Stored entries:
● ● ● ●
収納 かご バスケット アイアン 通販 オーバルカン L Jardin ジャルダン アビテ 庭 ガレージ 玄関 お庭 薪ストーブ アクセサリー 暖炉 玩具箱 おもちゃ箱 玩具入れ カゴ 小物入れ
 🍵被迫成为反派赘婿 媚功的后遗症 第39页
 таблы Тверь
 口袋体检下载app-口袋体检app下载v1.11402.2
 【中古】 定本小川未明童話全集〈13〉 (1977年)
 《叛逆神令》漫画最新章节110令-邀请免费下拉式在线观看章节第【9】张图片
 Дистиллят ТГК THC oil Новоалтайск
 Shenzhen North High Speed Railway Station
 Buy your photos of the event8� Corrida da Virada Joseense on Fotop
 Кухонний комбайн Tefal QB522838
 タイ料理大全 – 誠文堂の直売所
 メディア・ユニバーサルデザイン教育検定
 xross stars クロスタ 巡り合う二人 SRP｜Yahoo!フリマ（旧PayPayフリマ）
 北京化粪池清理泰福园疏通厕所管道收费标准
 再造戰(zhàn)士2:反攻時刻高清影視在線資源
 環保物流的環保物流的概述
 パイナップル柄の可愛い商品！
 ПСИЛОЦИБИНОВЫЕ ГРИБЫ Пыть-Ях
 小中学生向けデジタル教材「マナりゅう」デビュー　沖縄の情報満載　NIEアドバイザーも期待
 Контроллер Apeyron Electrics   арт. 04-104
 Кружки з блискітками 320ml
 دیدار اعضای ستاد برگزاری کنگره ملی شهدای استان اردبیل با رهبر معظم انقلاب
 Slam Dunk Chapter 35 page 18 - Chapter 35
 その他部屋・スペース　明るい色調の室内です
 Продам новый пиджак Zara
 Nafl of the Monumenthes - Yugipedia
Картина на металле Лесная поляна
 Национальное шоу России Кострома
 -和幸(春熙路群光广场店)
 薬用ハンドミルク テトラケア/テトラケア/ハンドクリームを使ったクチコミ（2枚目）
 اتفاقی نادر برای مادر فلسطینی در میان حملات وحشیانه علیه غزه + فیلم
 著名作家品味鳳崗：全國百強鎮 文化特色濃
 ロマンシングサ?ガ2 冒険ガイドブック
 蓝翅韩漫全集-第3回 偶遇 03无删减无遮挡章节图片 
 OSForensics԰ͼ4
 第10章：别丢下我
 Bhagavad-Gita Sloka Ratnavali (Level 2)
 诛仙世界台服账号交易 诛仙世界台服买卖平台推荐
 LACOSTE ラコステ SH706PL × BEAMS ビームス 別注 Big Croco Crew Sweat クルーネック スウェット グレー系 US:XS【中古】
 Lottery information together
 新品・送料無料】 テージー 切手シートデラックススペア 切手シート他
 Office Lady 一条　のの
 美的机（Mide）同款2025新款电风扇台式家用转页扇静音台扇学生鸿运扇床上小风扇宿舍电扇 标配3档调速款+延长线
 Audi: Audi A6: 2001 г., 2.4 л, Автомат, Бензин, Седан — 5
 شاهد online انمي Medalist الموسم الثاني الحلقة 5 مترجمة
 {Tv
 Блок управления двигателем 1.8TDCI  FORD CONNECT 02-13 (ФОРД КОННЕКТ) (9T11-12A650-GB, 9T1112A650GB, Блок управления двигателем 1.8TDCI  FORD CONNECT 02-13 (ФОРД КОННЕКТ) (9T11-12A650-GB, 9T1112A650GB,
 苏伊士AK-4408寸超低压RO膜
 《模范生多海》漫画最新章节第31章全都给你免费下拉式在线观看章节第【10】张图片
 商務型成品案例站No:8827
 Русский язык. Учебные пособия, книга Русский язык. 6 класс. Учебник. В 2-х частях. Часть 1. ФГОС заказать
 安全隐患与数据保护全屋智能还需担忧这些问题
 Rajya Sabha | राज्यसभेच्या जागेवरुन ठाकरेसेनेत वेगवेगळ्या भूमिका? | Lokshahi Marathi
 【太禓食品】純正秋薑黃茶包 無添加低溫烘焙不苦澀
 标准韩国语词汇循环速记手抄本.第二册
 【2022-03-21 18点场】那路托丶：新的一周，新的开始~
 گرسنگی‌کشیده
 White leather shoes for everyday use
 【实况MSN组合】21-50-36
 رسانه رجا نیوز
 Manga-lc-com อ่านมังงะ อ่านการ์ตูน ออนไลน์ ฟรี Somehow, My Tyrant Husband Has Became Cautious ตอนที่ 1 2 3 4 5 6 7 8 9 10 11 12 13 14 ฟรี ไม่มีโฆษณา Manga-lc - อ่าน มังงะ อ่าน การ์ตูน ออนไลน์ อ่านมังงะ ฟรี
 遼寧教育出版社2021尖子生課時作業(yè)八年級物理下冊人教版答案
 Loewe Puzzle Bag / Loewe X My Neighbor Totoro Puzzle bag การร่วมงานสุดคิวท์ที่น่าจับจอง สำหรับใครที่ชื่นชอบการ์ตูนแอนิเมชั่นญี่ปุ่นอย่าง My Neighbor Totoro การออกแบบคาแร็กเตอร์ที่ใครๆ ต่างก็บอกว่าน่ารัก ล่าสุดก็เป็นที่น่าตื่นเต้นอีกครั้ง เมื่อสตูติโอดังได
● ● ● ●
Goal of the exercise:
The reply must hold exactly the lines from the one containing "شاهد online انمي" to the last line of the entries, and nothing more.

Reply to the exercise:
 شاهد online انمي Medalist الموسم الثاني الحلقة 5 مترجمة
 {Tv
 Блок управления двигателем 1.8TDCI  FORD CONNECT 02-13 (ФОРД КОННЕКТ) (9T11-12A650-GB, 9T1112A650GB, Блок управления двигателем 1.8TDCI  FORD CONNECT 02-13 (ФОРД КОННЕКТ) (9T11-12A650-GB, 9T1112A650GB,
 苏伊士AK-4408寸超低压RO膜
 《模范生多海》漫画最新章节第31章全都给你免费下拉式在线观看章节第【10】张图片
 商務型成品案例站No:8827
 Русский язык. Учебные пособия, книга Русский язык. 6 класс. Учебник. В 2-х частях. Часть 1. ФГОС заказать
 安全隐患与数据保护全屋智能还需担忧这些问题
 Rajya Sabha | राज्यसभेच्या जागेवरुन ठाकरेसेनेत वेगवेगळ्या भूमिका? | Lokshahi Marathi
 【太禓食品】純正秋薑黃茶包 無添加低溫烘焙不苦澀
 标准韩国语词汇循环速记手抄本.第二册
 【2022-03-21 18点场】那路托丶：新的一周，新的开始~
 گرسنگی‌کشیده
 White leather shoes for everyday use
 【实况MSN组合】21-50-36
 رسانه رجا نیوز
 Manga-lc-com อ่านมังงะ อ่านการ์ตูน ออนไลน์ ฟรี Somehow, My Tyrant Husband Has Became Cautious ตอนที่ 1 2 3 4 5 6 7 8 9 10 11 12 13 14 ฟรี ไม่มีโฆษณา Manga-lc - อ่าน มังงะ อ่าน การ์ตูน ออนไลน์ อ่านมังงะ ฟรี
 遼寧教育出版社2021尖子生課時作業(yè)八年級物理下冊人教版答案
 Loewe Puzzle Bag / Loewe X My Neighbor Totoro Puzzle bag การร่วมงานสุดคิวท์ที่น่าจับจอง สำหรับใครที่ชื่นชอบการ์ตูนแอนิเมชั่นญี่ปุ่นอย่าง My Neighbor Totoro การออกแบบคาแร็กเตอร์ที่ใครๆ ต่างก็บอกว่าน่ารัก ล่าสุดก็เป็นที่น่าตื่นเต้นอีกครั้ง เมื่อสตูติโอดังได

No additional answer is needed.